Draugar and vampires have long been thought to be similar in more than a few ways.
One of which is their nocturnal nature.
Like vampires, draugar are night hunters — though, there is no known text, saying that they are vulnerable to sunlight.
Both of these revenant monsters are also believed to pay visits in order to put an end to an unfinished business — making them quite interesting subjects for people whose views differ on whether supernatural reanimation retains the personality and memories of the being-in-question.
However, out of all of their similarities, it is perhaps the shared transmissibility — which is the hallmark of vampirism — that makes the most sense for a lot of scholars, like literary anthologist Andrew Lang.
Just like the victims of the famous bloodsuckers, victims of draugar are believed to turn into draugar, themselves — which, in some stories, results in a long “chain of contagion” among people.
In spite of that, others still reject the parallelism attributed to draugar and vampires — even saying that it is “unnecessary” since the modern zombie actually bears more resemblance to the Nordic monster.
HOW A DRAUGR IS CREATED
Author Ármann Jakobsson says that “most medieval Icelandic ghosts are evil or marginal people“.
This adds an important layer into the lore of the draugr — implying that, while some are cursed to become an undead, in a lot of cases, draugar are walking remnants of people who died after a life full of greed or spitefulness.
If viewed in this light, they may be quite similar to Oni of Japanese lore. Yet, Oni are typically depicted as bright-colored demons, while draugar are mostly pitch-black, pale white, or death-blue.
It is said that a key sign that a deceased person will turn into a draugr is when their corpse is suddenly found standing upright or in a sitting position.

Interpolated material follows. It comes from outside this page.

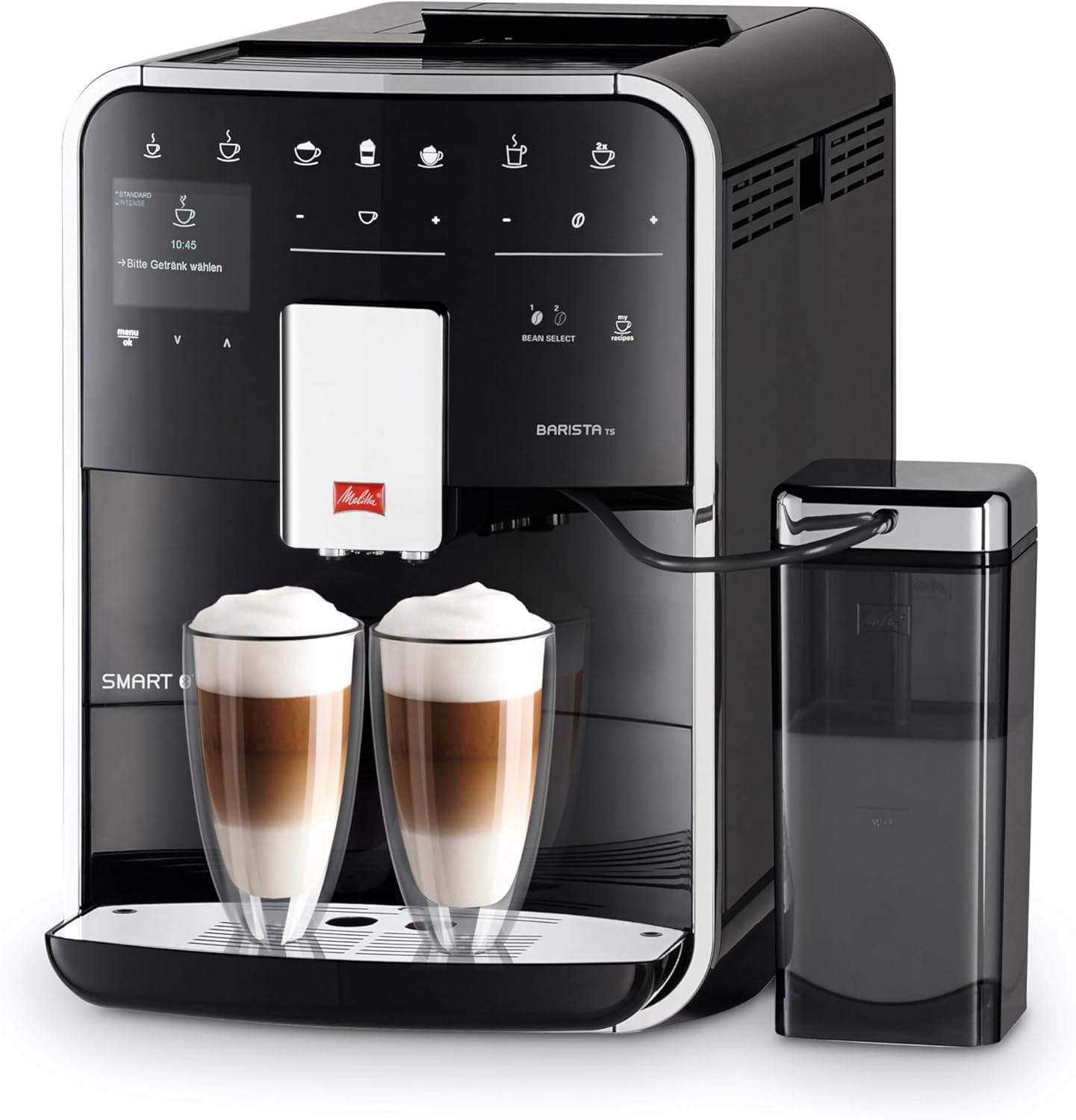 Melitta Bean to Cup Coffee Machine, Barista TS SMART Model F85/0-102, 1450 Watts, 1.8 Litres, Black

In order to prevent that, Jakobsson notes that someone has to break the corpse’s posture.
Just be careful, though! Those who would try to do that can unknowingly be doomed by the draugr’s evil eye.
Coping with the Fear of the Draugr
Similar to countless other ancient civilizations, the Norse also valued the concept of life after death.
That played a significant part in their custom and belief — even stretching to their folktales and oral tradition.
And in some ways, the lore of the draugr was a fruit of that.
Medieval-era Scandinavians believed that even after the passing of an individual, their body could still move — more so, harm — other people.
That is likely the reason why there are is archeological evidence of damaged weapons buried along with human remains.
Other believers of the lore also placed large boulders above graves — at times, even directly atop the corpses to immobilize them.
Of course, these only account for two of the ways people could prevent a draugr from attacking.
There are still several allegedly effective practices, such as making use of iron weapons; putting heaps of straws or twigs inside a dead person’s clothes; tying the big toes together and skewering the soles with needles to keep the deceased from getting up; lifting and lowering the coffin in different directions to confuse a potential draugr; properly bricking up tombs; and making special holes in walls to carry the corpse through, feet-first, in an attempt to avert a return.
Though, it is said that the best way to completely finish off a draugr is to cut off the head, burn the body, and dump the remaining ashes in the middle of the sea.
But, since draugar are generally considered to only be byproducts of the past Nordic culture, when all is said and done, it was — perhaps — not really the monster that ancient people were trying to get rid of.
For all we know, it could be what draugar reminded them of:
Death, wasting, and their culture’s perennial kinship with those who have departed.